Maksudnya adalah, kewajiban-kewajiban tersebut selalu mengikat setiap orang di
mana-mana. Tentu saja, tidak setiap kehendak Allah harus berasal dari natur-Nya
yang tidak berubah. Ada beberapa hal yang pada dasarnya sesuai dengan natur-Nya
tetapi dengan bebas mengalir dari kehendak-Nya. Misalnya, Allah memilih untuk
menguji ketaatan moral Adam dan Hawa dengan melarang mereka makan buah dari
pohon tertentu (Kejadian 2:16-17).
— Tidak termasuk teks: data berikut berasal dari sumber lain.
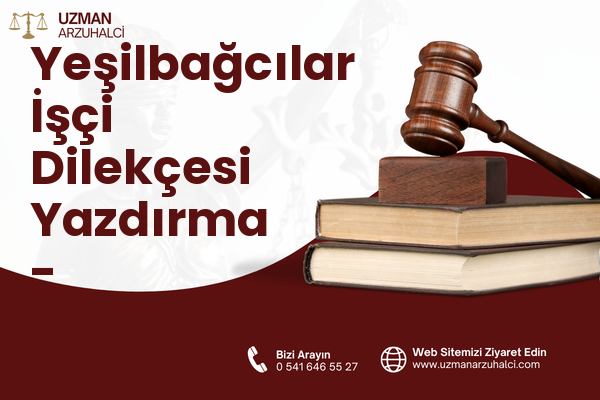 Yeşilbağcılar İşçi Dilekçesi Yazdırma - Yatağan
Meskipun secara moral Adam dan Hawa bersalah
karena tidak menaati perintah itu, kita tidak diikat oleh perintah tersebut
saat ini. Perintah tersebut didasarkan pada kehendak Allah dan tidak harus
berasal dari natur-Nya.
c. Etika
Kristen Berdasarkan Wahyu Allah
Etika
Kristen didasarkan pada perintah-perintah Allah, wahyu yang bersifat umum (Roma
1:19-20; 2:12-15 dan khusus (Roma 2:18; 3:2). Allah telah menyatakan diri-Nya
baik melalui alam (Mazmur 19:1-6) dan dalm Kitab Suci (Mazmur 19:7-14). Wahyu
umum berisikan perintah Allah bagi semua orang. Wahyu khusus mendeklarasikan kehendak-Nya
untuk orang-orang percaya. Etapi di dalam kedua hal tersebut, dasar dari
tanggung jawab etis manusia adalah wahyu ilahi.
Gagal
untuk mengenali Allah sebagai sumber kewajiban moral tidak membebaskan siapapun
juga, bahkan seorang ateis, dari kewajiban moralnya. Karena “apabila
bangsa-bangsa lain yang tidak memiliki hukum Taurat oleh dorongan diri sendiri
melakukan apa yang dituntut hukum Taurat, maka, walaupun merekatidak memiliki
hukum Taurat, mereka menjadi hukum Taurat bagi diri mereka sendiri. Sebab
dengan itu mereka menunjukkan, bahwa isi hukum Taurat ada tertulis di dalam
hati mereka” (Roma 2:14-15). Maksudnya adalah, bahkan jika orang-orang yang
tidak percaya tidak memiliki hukum moral di dalam pikiran mereka, mereka masih
memilikinya tertulis dalam hati mereka. Bahkan jika mereka mengetahuinya
melalui pengertian, mereka memperlihatkannya melalui kehendak hati.
d. Etika
Kristen Bersifat Menentukan
Karena
kebenaran moral ditetapkan oleh Allah yang bermoral maka harus dilaksanakan.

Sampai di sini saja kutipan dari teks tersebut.